Waste of Talent; failing to make use of the people within your organization. This is an issue that many of our companies in the West fail to address. We still tend to operate within a command and control environment and take little real notice of what our employees really think and what they can contribute. Your employees are your greatest asset by far and can help you to drive out many of the other wastes.
Waste of resources; failure to make efficient use of electricity, gas, water. Not only does this waste cost you money it is also a burden on our environment and society as a whole.
Wasted materials; too often off-cuts and other byproducts are just sent to landfill rather than being utilized elsewhere.

 

Eliminating the Seven Wastes

Eliminating the seven wastes is something that can be done through the implementation of Lean and the various lean tools, however the focus of your implementation should not be to identify and remove waste. Instead you should use the principles of lean manufacturing to identify value according to the customer and make those value adding processes flow through your organization at the pull of the customer. This approach helps you to make your value adding processes more efficient and causes the waste to literally “dissolve.”

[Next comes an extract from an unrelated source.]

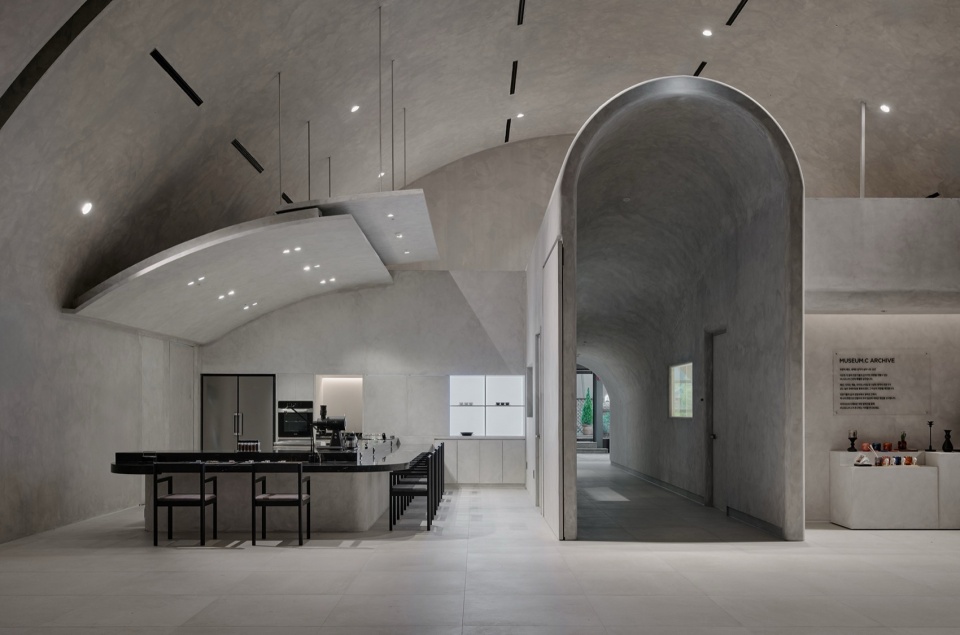 AK PLAZA MUSEUM C by Indiesalon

Approaching lean from a perspective of removing the 7 wastes rather than making value flow however usually ends up with us making non-value adding processes more efficient and we get better and better at doing things that the customer does not want. To eliminate the 7 wastes of lean we have to focus on the lean principles and value as perceived by our customers.

 

7 comments for “The Seven Wastes | 7 Mudas

  1. Kim Danberry
    January 8, 2015 at 3:05 pm

    Another helpful acronym (8 wastes) = DOWNTIME. Defects, Over-production, Waiting, Non-utilized talent, Transportation, Inventory, Motion, Extra processing.

  2. loganathan
    February 7, 2016 at 8:22 am

    may be the short name represents “DOT WIMP)

  3. February 8, 2016 at 10:22 am

    Another appropriate trait to the subject topic would be “DEALING WITH INEFFICIENT SYSTEM“because the efficiency has direct relevance to the `RESULT=OUTPUT` of the task !!

  4. Sue
    November 3, 2016 at 2:17 pm

    Hi I wanted to reference the mnemonic TIM WOOD but could only find your account of who said it first.

    I Googled Standard-Cooper and only got Cooper Standard.
    Similarly in automotive industry but a U.S. business who changed to that name in 70’s I think
    So I checked them out thinking perhaps Mr Standard died and Mr Cooper decided to put his name first.
    I also thought of British cars Standards and Coopers but got nowhere.

    Are you able to resolve the mystery?
    Kind Regards,
    Sue,
    UK Procurement & Supply Education

    • leanman
      November 7, 2016 at 4:11 am

      Hi Sue,
      Company was previously known as Standard Products and is a US based company, they later merged with Cooper Rubber. It had several plants in the UK and the acronym TIMWOOD was first coined in the Plymouth plant. Hope that provides you with the info that you need.
      You will also find this origin stated in the “Lean Toolbox” by John Bicheno.

  5. Will R
    September 19, 2017 at 5:07 pm

    You are a little behind on Waste. There are now 9 identifiable Waste. Number 8 is human potential, companies not using the input of all employees’ experiences, exposure, skills, and so on. Number 9 is now confirm and was recently introduced because of its pervasiveness in our society, across all businesses, and manufacturing and that is the efficient, affective, and effective use of computer applications and computing power. Employers using spreadsheet apps as file storage or word processors or databases as data file storage tables without. Many use calculators with spreadsheets to type figures and so on. It is the Waste of the 21st century.

  6. MILAN AMADI @gmail.com
    July 27, 2018 at 2:11 am

    I’m very much interested in learning the Lean Manufacturing Tools and apply to my process to enhance improvement. I work as Quality Analyst in call centre for American Process.